Come si degustava il vino nell’antica Grecia? I rituali dimenticati

Ogni popolo ha le sue tradizioni che, nel caso di popoli europei, hanno spesso a che fare con il vino. Il vino, infatti, ancora oggi rappresenta una bevanda centrale nella convivialità. Lo stesso accadeva, certamente, anche in civilità del passato. Si conoscono in maniera approfondita le abitudini degli antichi Romani, amanti del vino nelle sue diverse sfumature, e si conoscono anche quelle degli antichi Grecia. Anche ad Atene e dintorni il vino giocava un ruolo importante. Esistevano, per lui, specifici contenitori per il consumo e moltissimi riti ad esso collegati.

Il vino nell’antica Grecia: come lo consumavano?

Una mano a ripercorrere le abitudini degli antichi Greci legate al vino ce la dà l’esperto di archologia Peter Reynaers, intervistato da Catawiki. È lui a raccontare due diversi riti collegati al consumo di vino anche se, è bene dirlo, non ci sono moltissime informazioni sulle tendenze edonistiche degli antichi Greci, al contrario di quanto accade con i Romani. “Prendiamo ad esempio i rituali come i Misteri dionisiaci nell’Antica Grecia. Un culto che segue il dio della vendemmia – Dioniso o Bacco – dove chi vi partecipa beve fino ad abbandonarsi completamente, per così dire, come un modo per lasciarsi possedere dal dio“, spiega Reynaers.

Immagine | Wikipedia @ChrisO – Vinamundi.it

Un altro rituale si chiama, invece, Misteri Eleusiniani. Durante questi misteri si celebrava la storia di Demestra e Persefone e si beveva il keykon, una bevanda composta da acqua, farina d’orzo e menta. A questi ingredienti capitava venisse aggiunta anche la segale cornuta, vale a dire una segale infestata da un fungo parassita. Questo porta in dote effetti psicoattivi che avevano come scopo quello di favorire stati mistici, accrescere l’esperienza della vita e superare la paura della morte.

Kylix, il contenitore più utilizzato

Il vino nell’antica Grecia veniva consumato in appositi contenitori.

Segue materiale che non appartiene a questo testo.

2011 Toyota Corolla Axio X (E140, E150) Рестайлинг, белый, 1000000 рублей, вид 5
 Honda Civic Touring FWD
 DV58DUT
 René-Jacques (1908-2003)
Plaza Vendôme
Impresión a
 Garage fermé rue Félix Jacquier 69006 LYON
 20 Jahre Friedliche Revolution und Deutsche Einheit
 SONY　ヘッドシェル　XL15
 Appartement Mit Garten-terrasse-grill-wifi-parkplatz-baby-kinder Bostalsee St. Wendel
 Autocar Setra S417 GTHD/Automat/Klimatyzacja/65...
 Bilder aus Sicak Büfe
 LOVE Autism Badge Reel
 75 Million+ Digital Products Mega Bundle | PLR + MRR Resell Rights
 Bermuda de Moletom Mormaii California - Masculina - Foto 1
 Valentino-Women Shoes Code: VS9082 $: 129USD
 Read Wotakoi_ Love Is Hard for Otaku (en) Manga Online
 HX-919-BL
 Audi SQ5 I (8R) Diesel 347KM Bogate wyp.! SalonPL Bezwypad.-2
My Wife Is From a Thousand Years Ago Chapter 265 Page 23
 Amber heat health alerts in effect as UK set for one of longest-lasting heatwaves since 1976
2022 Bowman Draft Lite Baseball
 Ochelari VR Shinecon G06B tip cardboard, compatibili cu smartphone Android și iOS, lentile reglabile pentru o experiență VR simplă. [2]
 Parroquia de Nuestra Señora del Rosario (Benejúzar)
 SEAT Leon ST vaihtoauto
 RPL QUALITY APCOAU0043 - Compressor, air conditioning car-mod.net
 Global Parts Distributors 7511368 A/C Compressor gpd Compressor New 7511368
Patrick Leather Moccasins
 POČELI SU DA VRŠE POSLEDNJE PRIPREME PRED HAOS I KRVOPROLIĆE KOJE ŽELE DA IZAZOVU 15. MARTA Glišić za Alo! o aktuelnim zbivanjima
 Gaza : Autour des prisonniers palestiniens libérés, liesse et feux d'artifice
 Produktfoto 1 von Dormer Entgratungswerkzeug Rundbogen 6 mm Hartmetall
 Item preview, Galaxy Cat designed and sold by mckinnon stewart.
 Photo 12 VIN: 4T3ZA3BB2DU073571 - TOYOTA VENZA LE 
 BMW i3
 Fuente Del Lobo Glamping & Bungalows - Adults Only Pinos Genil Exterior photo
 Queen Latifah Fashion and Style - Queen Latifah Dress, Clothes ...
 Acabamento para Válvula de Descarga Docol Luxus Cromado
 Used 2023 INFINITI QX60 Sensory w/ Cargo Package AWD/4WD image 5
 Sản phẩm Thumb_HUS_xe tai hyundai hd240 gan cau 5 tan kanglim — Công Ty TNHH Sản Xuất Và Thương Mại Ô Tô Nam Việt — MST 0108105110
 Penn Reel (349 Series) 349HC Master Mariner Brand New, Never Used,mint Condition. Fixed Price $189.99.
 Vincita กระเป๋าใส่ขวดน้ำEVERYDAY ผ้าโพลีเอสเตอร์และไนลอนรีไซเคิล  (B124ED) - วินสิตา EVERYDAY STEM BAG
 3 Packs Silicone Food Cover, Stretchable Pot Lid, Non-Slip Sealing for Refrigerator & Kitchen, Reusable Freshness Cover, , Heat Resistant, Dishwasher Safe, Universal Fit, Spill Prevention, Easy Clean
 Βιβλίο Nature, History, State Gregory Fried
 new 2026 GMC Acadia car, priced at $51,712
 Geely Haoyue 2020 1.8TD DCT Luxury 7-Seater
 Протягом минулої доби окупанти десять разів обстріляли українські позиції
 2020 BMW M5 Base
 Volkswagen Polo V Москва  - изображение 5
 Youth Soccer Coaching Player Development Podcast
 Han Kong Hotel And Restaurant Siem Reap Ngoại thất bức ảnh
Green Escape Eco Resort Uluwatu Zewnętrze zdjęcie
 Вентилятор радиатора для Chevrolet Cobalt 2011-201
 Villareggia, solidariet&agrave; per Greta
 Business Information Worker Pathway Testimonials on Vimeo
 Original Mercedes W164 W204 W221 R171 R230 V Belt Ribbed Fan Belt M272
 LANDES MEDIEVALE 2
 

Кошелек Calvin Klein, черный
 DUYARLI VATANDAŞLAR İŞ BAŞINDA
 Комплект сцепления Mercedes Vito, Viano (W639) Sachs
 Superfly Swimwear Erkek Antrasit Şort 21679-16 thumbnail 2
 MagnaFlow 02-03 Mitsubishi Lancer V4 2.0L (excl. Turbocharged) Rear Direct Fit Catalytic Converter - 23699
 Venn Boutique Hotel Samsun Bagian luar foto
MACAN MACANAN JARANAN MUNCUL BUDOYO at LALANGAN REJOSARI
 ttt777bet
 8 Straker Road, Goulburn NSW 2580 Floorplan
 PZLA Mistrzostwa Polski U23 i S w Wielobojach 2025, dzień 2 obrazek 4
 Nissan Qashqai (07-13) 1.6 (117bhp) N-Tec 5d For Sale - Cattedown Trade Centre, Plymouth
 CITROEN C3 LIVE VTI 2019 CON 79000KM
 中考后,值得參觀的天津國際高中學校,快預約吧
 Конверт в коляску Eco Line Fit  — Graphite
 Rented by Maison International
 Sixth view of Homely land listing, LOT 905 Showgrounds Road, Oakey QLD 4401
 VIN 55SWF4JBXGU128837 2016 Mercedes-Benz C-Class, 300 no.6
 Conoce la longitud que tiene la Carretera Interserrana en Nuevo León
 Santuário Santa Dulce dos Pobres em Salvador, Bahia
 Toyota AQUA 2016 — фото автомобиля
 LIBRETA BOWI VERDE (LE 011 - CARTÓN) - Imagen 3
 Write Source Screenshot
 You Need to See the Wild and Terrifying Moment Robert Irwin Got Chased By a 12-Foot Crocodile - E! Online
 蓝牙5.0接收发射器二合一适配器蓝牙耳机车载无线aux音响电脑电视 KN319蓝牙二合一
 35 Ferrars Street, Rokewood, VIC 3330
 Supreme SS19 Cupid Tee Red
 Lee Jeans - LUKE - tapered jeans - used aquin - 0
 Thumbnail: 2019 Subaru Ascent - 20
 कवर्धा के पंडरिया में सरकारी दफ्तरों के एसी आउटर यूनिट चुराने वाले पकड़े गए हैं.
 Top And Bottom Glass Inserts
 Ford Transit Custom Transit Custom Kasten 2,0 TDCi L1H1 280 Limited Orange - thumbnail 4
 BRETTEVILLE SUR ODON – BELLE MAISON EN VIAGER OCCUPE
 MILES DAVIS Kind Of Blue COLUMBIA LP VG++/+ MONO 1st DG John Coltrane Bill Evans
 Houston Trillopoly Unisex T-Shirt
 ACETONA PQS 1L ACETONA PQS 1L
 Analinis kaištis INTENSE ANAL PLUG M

Il più noto era la kylix. “La kylix è una coppa a fasce, o coppa da vino, del VI secolo dC – aggiunge Peter Reynaers –. Questi vasi erano dipinti in nero su rosso – una tecnica comune tra il VII e il V secolo dC, che ha dato origine a un numero significativo di artisti ben identificabili. Erano decorati con Satiri e Menadi, seguaci del Dio Dioniso: il dio dell’ebbrezza e delle feste“.

Con questo contenitori i Greci si divertivano poi giocando a kottabos. Un gioco le cui regole erano abbastanza semplici: si dovevano gettare gli ultimi residui di vino da una coppa sul bersaglio, solitamente un disco metallico che oscillava e che galleggiava nel vino fino ad affondare. I vincitori, con ogni probabilità, vincevano un’altra bevanda. Il kottabos è il motivo per cui oggi moltissime kylix vengono trovate con i manici rotti: venivano lanciate durante il gioco.

Il vino “puro” era per i rozzi

Gli antichi Greci amavano il vino, ma non lo bevevano “puro”. Amavano, infatti, diluirlo con l’acqua, questo perché il solo vino veniva considerato troppo pesante e rozzo. Una decisione contraria a quanto, invece, erano abituati a fare i Romani. In Grecia la proporzione tradizionale era una parte di vino ogni tre parti di acqua, che diventava 1:2 per i momenti di festa. Per questo motivo esistevano, anche in questo caso, contenitori specifici. Venivano chiamati crateri e sembra fossero posti al centro della festa, in modo che tutti potessero avervi accesso. Questi vasi erano decorati ed è capitato siano stati ritrovati utilizzati anche come contenitori per defunti.